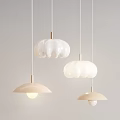 Modern White And Beige Cloud Shaped Pendant Lights With Golden Rods On Light Background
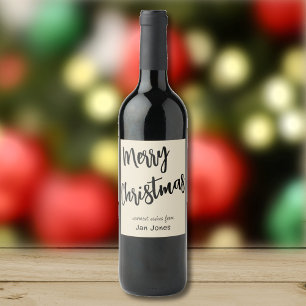 Etiqueta Para Botella De Vino Feliz Navidad Black & Pearl, Nombre en Conjunto de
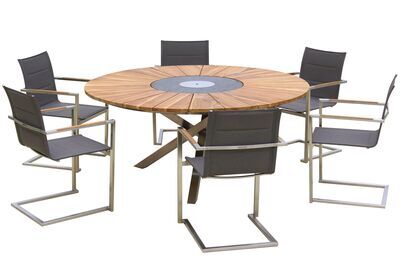 Garten-Essgruppe, taupe, Edelstahl/Teak, Ø 170 cm, 6 Freischwinger, inkl. drehbarer Granitplatte + Eiskühler, FSC®-zertifiziertes Produkt 16572  1 fde6e176a4e7787ad05e5c84dab9c8a4458e50c3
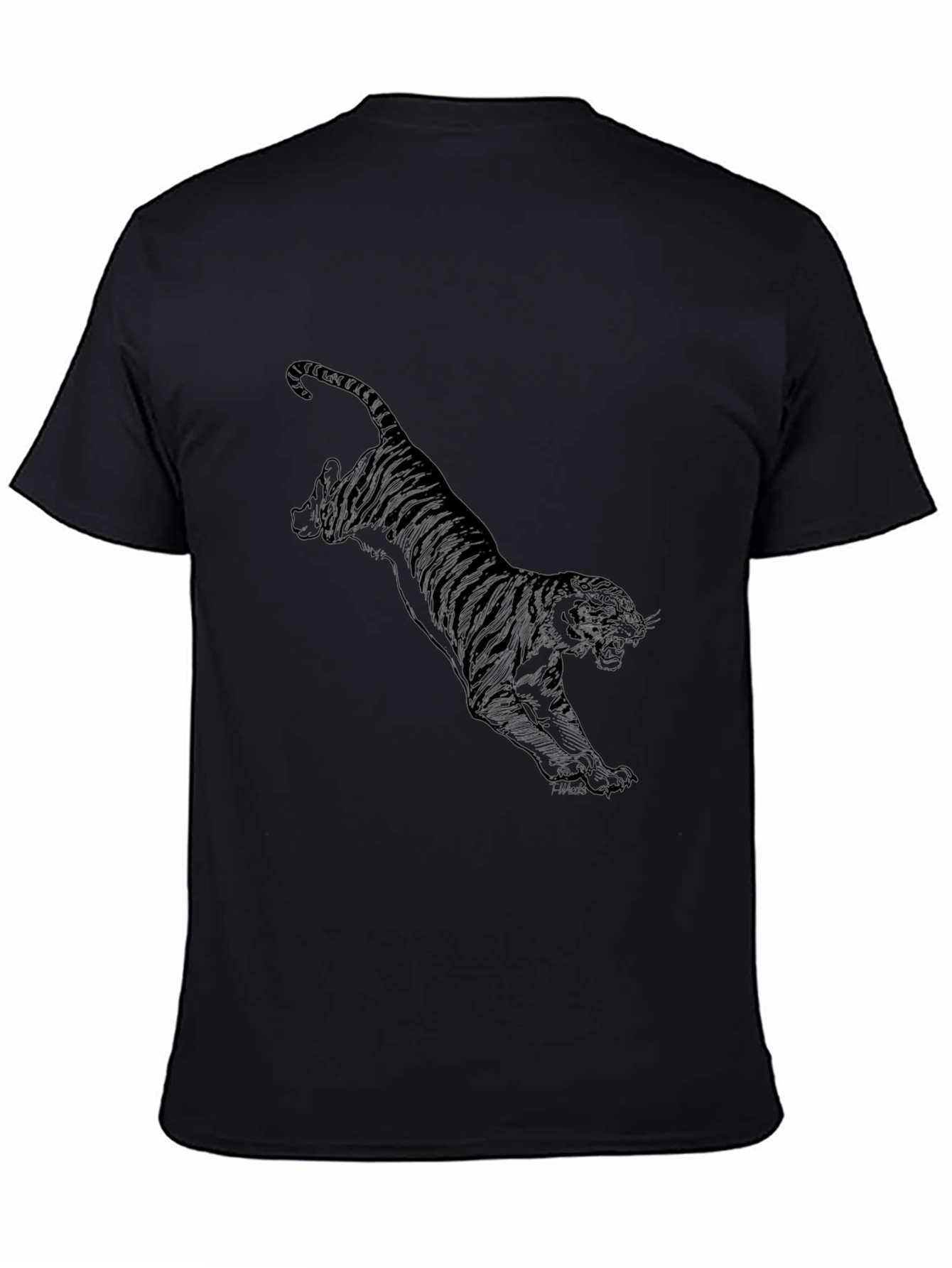 Black Tiger Graphic T-Shirt - Mens Fashion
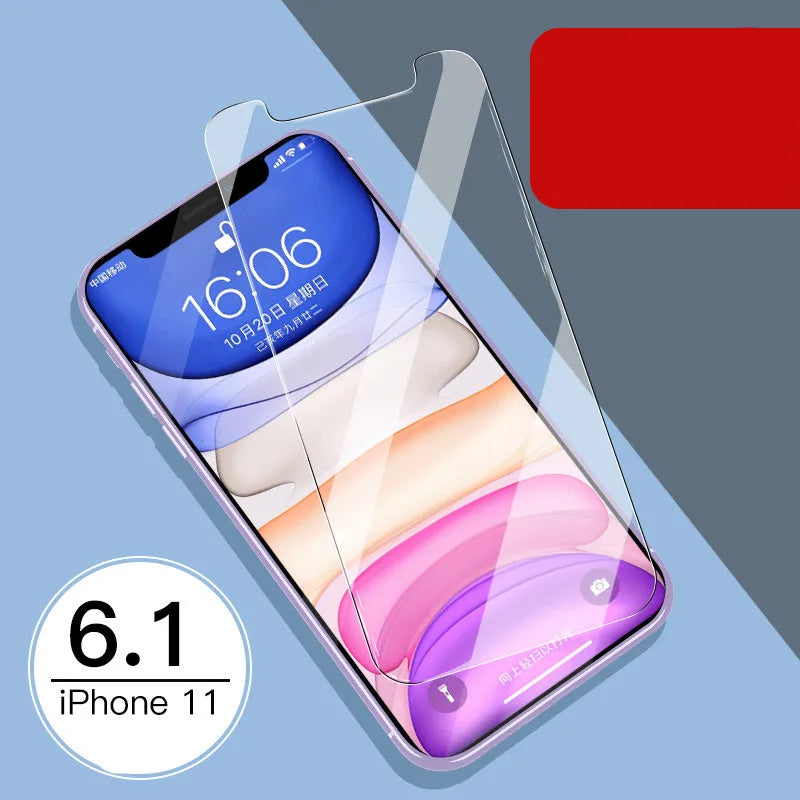 Apple iPhone tempered glass screen protector film for front and rear protection.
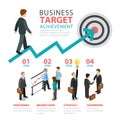 Business achievement target step flat infographics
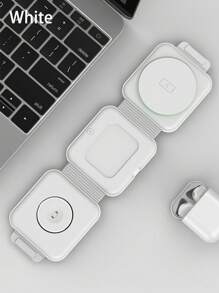 1入組可折疊便攜超薄旅行多功能磁性三合一無線充電器(白色) - 白色 - 查看 13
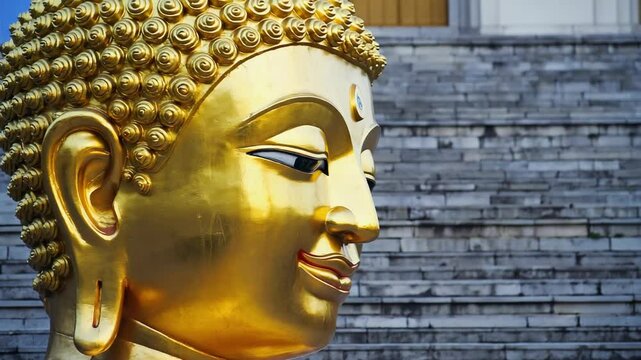 Golden buddha face featuring intricate details of the statue's head with architectural stone stairway background evoking a sense of culture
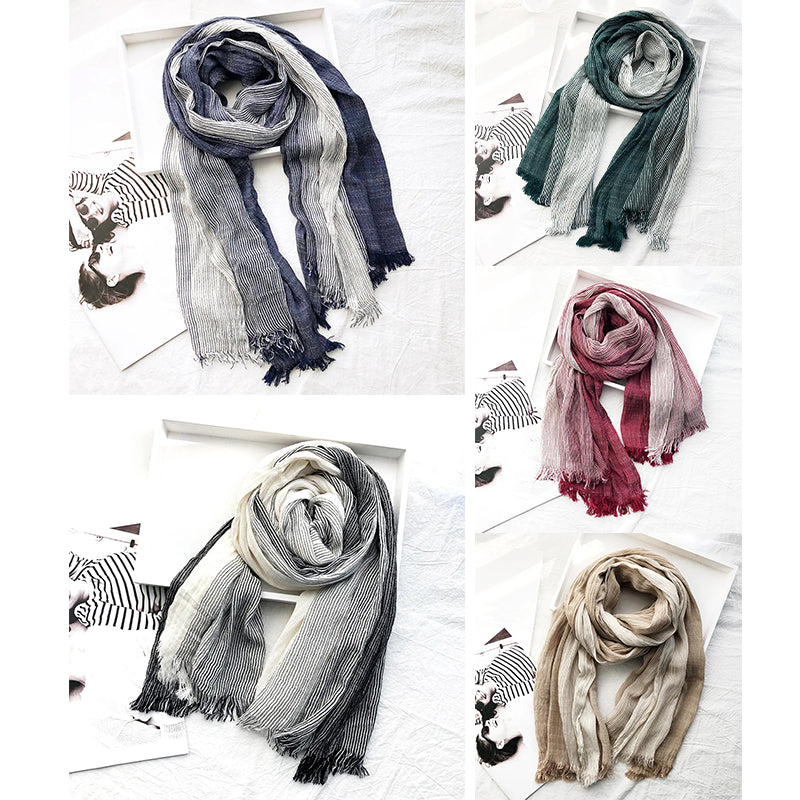 Heritage stripe cotton-linen blend scarf in multicolor, lightweight versatile wrap with shawl styling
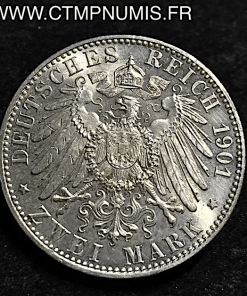 ALLEMAGNE PRUSSE 2 MARK ARGENT 1901 SUP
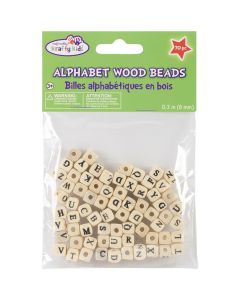 Multicraft Imports Wood Alphabet Beads 8mm 70/Pkg-Natural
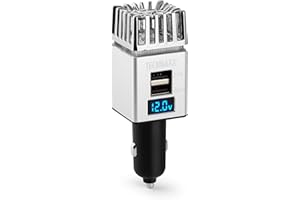 Technaxx Purificateur d'air de voiture 12/24V, 2x USB - Chargeur rapide 3.0, équilibre ionique, élimine la fumée de cigarette, les odeurs d'animaux domestiques - Désodorisant portable TX-130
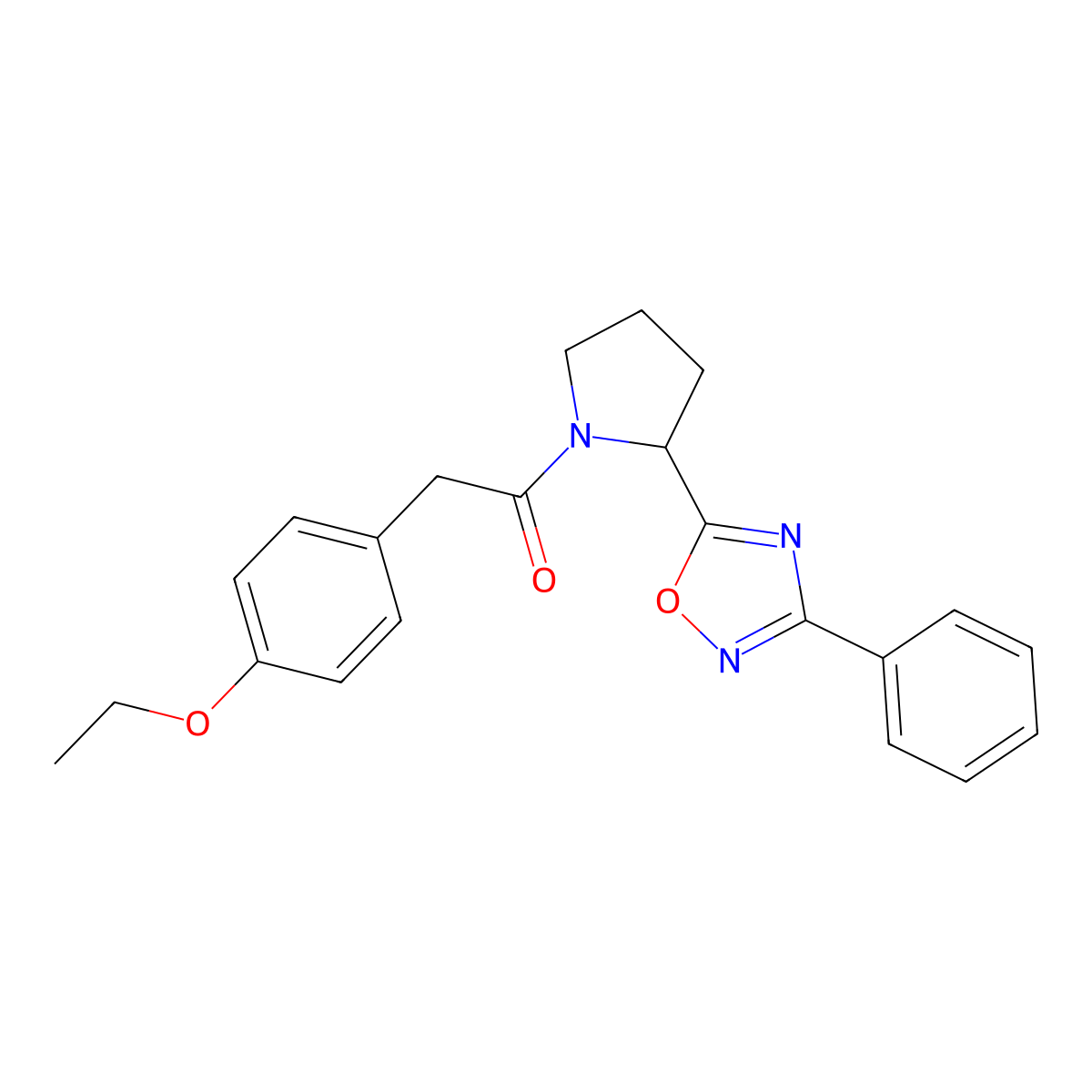 5-{1-[(4-Ethoxyphenyl)acetyl]pyrrolidin-2-yl}-3-phenyl-1,2,4-oxadiazole molecular structure, CAS 1798634-33-9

────

Go to the line above that contains "Black Tiger Graphic T-Shirt - Mens Fashion" and reproduce everything exactly from there through the line that contains "Multicraft Imports Wood", leaving out the pictures.

▸ **SOLVED PROBLEM**
 Black Tiger Graphic T-Shirt - Mens Fashion
 Apple iPhone tempered glass screen protector film for front and rear protection.
 Business achievement target step flat infographics
 1入組可折疊便攜超薄旅行多功能磁性三合一無線充電器(白色) - 白色 - 查看 13
 Golden buddha face featuring intricate details of the statue's head with architectural stone stairway background evoking a sense of culture
 Heritage stripe cotton-linen blend scarf in multicolor, lightweight versatile wrap with shawl styling
 ALLEMAGNE PRUSSE 2 MARK ARGENT 1901 SUP
 Multicraft Imports Wood Alphabet Beads 8mm 70/Pkg-Natural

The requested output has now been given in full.